**Work instruction**
Reproduction of part of the material below, pictures omitted: copy exactly, and only, the lines starting with the one with "Hummel TRACK ZIP - Ελαφρύ μπουφάν - black" and going on through the one with "a restaurant with".

**Data for this exercise**
_ _ _ _ _

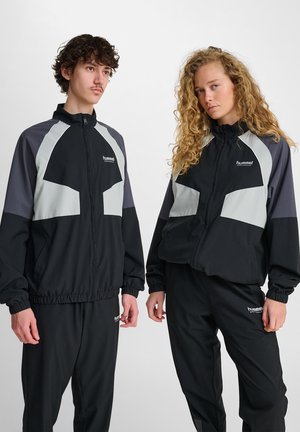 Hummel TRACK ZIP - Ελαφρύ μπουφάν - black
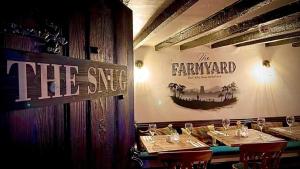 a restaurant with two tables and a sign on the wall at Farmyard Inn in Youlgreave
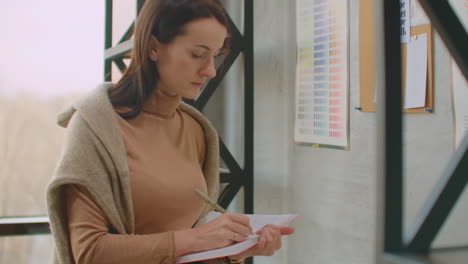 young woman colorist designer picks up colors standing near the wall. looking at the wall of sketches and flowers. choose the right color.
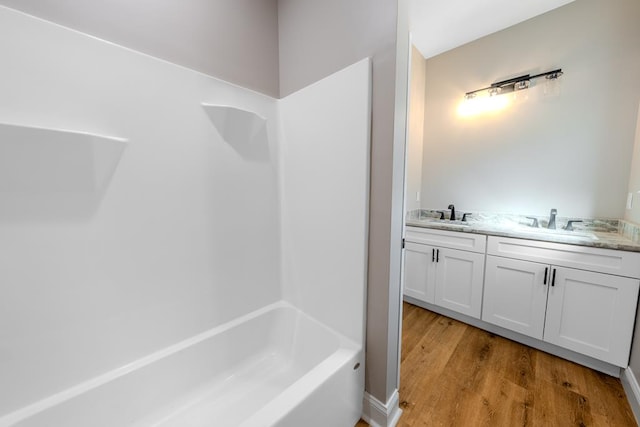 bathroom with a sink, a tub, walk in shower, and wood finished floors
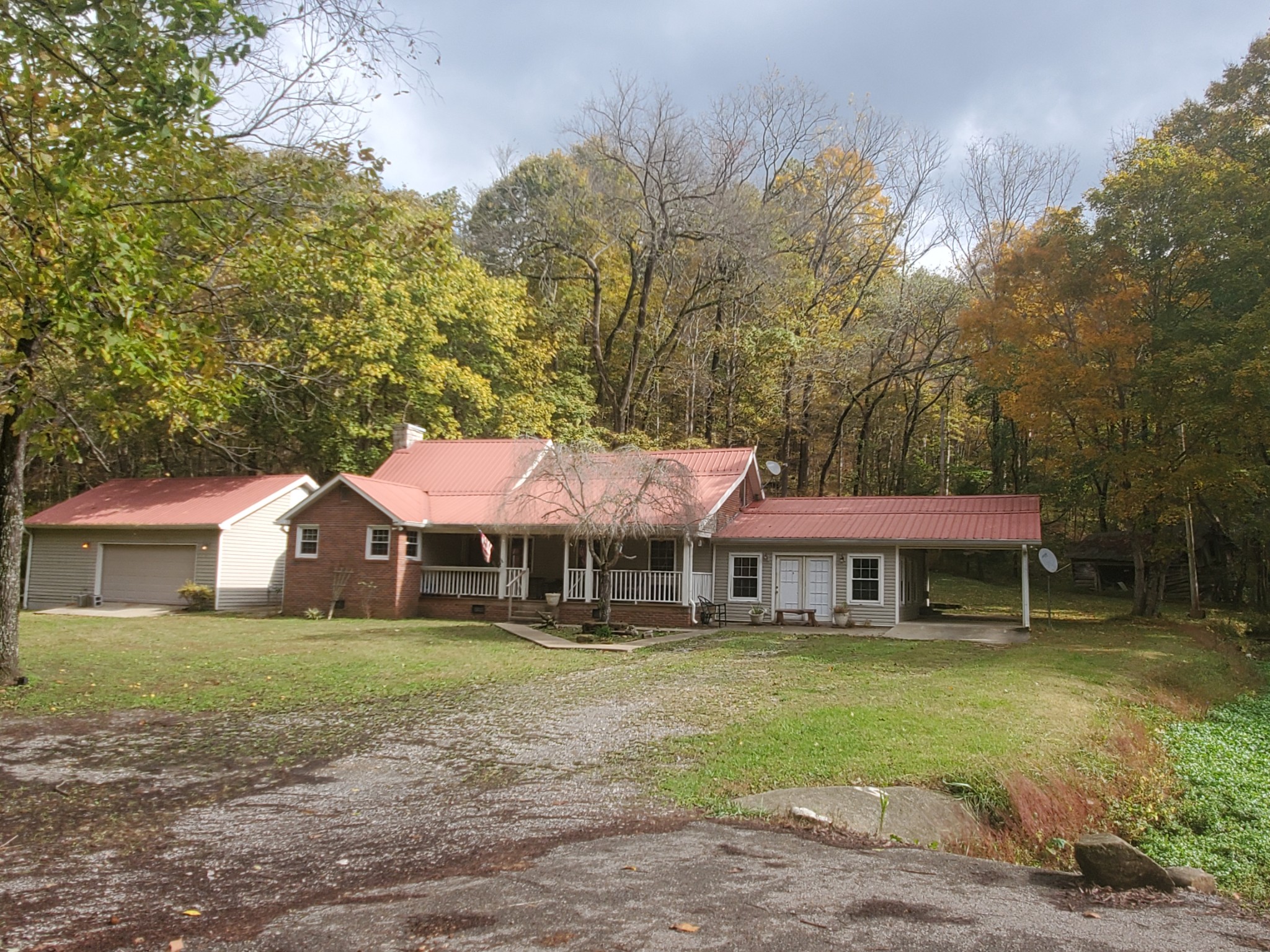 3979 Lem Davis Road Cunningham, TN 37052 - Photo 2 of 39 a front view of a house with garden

_ _ _ _ _

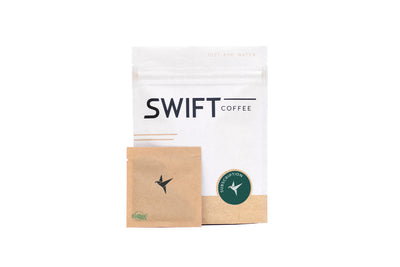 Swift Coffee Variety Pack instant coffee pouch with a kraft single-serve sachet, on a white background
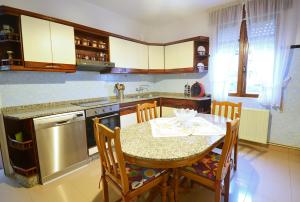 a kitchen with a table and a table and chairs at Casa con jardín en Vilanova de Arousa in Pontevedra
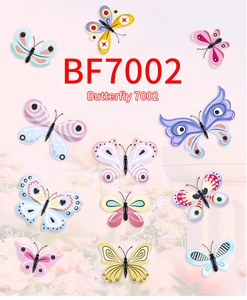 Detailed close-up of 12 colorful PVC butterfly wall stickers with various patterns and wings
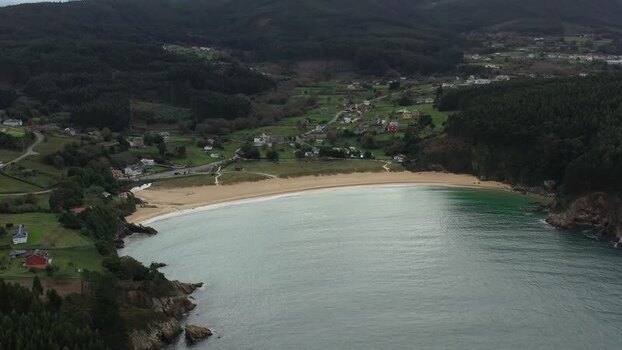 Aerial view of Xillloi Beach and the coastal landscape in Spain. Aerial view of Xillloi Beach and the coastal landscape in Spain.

_ _ _ _ _

**Response below**
 Hummel TRACK ZIP - Ελαφρύ μπουφάν - black
 a restaurant with two tables and a sign on the wall at Farmyard Inn in Youlgreave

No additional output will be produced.